3. Une morale épicurienne :

-        La morale de la fable est l’inverse de celle d’Esope, sa modération se rattache à l'épicurisme : le développement sur la résignation vient tout droit de l'épicurien Lucrèce. Le cochon, qui n’apparaît qu’ici dans les fables, est visiblement une allusion au pourceau d’Epicure, tel que l’évoque Horace (Epîtres I, IV, V, 15 « Tu me verras gras, la peau soignée et bien brillante, et tu pourras te moquer de moi, vrai pourceau du troupeau d’ Epicure »). Il est la caricature de l’épicurisme réduit à l’hédonisme et aux plaisirs matériels : c’est sous le terme de pourceau d’Epicure que Molière décrit Don Juan.

-        Le cochon manque de mesure : le vacarme que fait le cochon est décrit de manière hyperbolique (Comme s'il avait eu cent Bouchers à ses trousses / C'était une clameur à rendre les gens sourds / Tu nous étourdis tous).
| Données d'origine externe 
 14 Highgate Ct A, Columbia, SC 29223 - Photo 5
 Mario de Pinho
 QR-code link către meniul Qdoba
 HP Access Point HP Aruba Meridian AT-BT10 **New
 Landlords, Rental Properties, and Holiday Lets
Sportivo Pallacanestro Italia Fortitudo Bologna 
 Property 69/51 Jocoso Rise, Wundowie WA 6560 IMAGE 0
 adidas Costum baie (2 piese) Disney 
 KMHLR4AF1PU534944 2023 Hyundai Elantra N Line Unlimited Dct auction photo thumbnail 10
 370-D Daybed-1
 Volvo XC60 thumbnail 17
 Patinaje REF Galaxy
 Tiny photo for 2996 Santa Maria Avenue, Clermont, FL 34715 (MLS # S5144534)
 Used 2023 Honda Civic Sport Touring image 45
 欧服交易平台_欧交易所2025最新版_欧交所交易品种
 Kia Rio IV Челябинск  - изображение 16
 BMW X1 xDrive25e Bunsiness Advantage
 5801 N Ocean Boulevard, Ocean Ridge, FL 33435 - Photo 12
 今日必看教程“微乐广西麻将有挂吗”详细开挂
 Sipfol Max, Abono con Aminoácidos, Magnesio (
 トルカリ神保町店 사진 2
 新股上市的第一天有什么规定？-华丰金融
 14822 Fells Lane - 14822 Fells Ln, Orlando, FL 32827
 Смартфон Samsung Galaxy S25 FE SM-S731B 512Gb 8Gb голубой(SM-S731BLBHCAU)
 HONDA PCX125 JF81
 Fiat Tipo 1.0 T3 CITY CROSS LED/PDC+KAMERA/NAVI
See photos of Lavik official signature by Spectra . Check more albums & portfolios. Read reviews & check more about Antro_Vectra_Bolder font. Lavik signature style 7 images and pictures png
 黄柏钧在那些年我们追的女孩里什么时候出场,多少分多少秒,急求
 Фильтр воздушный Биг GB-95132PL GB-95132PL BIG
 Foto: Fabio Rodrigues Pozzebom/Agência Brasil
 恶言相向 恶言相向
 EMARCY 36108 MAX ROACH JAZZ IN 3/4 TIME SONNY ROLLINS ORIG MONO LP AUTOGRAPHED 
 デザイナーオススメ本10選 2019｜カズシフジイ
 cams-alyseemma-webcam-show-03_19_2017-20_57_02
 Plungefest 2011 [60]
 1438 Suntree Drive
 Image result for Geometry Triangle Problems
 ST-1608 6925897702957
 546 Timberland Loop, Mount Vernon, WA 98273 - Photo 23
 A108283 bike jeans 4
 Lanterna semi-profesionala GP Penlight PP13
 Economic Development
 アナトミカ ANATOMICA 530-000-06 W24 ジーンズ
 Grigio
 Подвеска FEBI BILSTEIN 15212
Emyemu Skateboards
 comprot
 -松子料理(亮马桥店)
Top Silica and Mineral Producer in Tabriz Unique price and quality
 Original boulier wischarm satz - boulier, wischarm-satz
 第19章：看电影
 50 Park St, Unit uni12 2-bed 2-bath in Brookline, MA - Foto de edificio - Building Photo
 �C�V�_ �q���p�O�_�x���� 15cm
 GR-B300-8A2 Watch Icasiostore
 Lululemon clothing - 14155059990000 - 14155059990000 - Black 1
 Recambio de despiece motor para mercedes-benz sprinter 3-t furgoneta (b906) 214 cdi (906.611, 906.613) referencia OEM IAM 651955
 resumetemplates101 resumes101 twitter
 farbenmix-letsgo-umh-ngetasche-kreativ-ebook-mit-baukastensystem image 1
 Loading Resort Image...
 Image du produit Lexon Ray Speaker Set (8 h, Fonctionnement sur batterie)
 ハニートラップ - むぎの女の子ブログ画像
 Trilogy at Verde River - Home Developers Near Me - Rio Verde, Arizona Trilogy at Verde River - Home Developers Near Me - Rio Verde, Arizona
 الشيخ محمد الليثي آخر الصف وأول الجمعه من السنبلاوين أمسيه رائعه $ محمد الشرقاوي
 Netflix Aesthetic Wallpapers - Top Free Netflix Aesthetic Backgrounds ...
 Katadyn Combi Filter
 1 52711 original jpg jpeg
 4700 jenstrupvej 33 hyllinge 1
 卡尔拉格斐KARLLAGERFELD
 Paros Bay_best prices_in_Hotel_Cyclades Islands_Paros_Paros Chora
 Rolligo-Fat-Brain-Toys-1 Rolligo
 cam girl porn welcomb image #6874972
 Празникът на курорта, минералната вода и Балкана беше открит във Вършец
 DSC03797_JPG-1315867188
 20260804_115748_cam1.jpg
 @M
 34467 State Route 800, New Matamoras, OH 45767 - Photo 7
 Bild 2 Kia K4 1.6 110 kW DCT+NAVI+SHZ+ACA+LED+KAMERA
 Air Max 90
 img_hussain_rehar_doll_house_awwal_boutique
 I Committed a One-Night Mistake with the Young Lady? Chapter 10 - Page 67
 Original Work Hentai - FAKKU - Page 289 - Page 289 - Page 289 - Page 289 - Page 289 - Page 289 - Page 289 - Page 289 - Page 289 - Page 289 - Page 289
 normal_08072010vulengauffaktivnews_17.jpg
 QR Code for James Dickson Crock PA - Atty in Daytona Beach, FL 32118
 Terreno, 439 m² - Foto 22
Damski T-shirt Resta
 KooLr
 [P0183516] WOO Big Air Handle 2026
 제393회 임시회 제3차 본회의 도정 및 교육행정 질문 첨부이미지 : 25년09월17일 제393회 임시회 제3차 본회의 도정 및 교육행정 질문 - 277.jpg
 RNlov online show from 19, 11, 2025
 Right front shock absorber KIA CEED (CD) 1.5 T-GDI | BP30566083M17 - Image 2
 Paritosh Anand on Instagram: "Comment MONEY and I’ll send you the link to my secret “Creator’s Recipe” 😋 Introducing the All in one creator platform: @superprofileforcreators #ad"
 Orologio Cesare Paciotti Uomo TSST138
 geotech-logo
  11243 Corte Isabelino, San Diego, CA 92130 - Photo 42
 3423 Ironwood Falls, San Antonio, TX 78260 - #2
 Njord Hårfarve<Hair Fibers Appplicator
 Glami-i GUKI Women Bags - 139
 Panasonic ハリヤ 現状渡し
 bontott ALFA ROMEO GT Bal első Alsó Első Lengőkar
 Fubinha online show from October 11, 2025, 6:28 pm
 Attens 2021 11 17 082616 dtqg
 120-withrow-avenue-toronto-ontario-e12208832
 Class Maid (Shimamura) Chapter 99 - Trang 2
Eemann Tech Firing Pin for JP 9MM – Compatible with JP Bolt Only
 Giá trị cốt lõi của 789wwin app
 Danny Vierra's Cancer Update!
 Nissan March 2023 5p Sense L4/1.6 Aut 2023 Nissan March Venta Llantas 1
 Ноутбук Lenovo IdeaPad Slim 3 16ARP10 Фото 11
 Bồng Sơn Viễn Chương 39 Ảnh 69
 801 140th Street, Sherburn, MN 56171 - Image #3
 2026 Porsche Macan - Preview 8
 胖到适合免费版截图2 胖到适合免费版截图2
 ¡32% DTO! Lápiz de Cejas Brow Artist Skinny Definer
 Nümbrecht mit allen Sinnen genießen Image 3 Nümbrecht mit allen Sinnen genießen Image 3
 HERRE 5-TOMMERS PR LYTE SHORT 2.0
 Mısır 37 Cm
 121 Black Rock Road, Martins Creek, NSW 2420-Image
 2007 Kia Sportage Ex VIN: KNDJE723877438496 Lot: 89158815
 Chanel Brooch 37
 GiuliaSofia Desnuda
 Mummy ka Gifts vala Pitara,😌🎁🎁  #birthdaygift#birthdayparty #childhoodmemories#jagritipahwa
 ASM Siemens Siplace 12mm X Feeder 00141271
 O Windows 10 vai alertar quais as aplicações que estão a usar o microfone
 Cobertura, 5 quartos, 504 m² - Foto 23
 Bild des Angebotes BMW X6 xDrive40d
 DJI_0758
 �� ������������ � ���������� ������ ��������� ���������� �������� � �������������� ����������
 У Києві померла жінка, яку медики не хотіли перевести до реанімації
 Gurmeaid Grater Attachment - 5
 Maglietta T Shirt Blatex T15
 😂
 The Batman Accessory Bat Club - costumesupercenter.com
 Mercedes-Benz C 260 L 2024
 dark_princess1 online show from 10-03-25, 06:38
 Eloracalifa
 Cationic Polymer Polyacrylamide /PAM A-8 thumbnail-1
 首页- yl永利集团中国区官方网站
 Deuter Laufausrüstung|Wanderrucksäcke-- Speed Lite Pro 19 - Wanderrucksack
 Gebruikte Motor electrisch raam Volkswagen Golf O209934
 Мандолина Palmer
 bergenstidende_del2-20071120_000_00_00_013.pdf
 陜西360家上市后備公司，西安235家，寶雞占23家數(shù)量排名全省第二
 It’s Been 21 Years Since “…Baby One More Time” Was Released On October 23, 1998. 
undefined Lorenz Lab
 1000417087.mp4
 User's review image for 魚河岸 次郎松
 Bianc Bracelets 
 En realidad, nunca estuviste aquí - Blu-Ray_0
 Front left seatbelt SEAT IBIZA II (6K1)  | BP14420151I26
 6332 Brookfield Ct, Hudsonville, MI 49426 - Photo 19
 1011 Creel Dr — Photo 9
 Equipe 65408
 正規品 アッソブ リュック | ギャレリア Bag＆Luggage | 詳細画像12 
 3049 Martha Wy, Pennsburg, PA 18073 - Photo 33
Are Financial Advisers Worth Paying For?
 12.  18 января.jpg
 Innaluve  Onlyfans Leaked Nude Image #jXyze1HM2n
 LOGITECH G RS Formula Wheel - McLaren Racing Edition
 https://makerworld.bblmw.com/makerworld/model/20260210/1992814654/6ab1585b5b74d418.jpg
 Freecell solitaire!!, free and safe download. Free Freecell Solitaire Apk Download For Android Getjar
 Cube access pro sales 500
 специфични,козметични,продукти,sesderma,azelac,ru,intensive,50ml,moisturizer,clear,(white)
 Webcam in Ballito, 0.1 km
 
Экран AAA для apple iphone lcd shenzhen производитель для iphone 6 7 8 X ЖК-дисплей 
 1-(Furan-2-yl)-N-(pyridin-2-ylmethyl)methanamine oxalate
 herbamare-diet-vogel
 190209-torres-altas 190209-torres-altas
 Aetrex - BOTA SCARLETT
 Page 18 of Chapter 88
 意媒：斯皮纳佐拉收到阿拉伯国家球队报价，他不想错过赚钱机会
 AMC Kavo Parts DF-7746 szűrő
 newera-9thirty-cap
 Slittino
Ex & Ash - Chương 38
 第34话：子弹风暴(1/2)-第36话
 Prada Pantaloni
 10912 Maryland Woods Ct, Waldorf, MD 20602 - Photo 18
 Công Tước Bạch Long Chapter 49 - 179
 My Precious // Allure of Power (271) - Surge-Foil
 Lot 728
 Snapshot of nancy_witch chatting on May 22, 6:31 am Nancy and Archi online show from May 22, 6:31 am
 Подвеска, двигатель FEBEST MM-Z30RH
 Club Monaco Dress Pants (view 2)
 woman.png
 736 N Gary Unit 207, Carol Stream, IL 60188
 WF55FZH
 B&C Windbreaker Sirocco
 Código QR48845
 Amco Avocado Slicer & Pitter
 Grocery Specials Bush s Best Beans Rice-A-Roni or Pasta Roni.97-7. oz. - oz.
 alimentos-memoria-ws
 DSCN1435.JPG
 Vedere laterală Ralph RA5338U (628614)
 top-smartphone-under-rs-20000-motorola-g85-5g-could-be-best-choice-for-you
Son discours est répétitif et insistant (crierait, du haut de son gosier, Crierait tout du haut de sa tête).

-        A cet épicurisme mal compris, La Fontaine oppose la vraie attitude vraiment philosophique, tirée de Gassendi, (1592-1655). Philosophe et savant francais, Gassendi s'est d'abord fait connaître par ses attaques contre les théories d'Aristote ; il prit aussi part à une controverse avec le philosophe français René Descartes sur la nature de la matière. En 1647, son De vita et moribus Epicuri (« sur la vie et le caractère d'Épicure ») fut publié, suivi deux ans plus tard de deux nouveaux ouvrages sur Épicure. On lui doit d'avoir réhabilité l'épicurisme dont il expose avant tout la morale du désir mesuré et de l'équilibre intérieur. Ainsi à l'égard de la mort, La Fontaine n'est pas bien loin de la sagesse de Montaigne ; s'il convient de faire preuve de prudence pour l'éviter, il faut aussi que cette crainte de la mort soit sans excès, afin que l’âme connaisse l’ataraxie. D’où le paradoxe du vers final : le moins prévoyant est toujours le plus sage.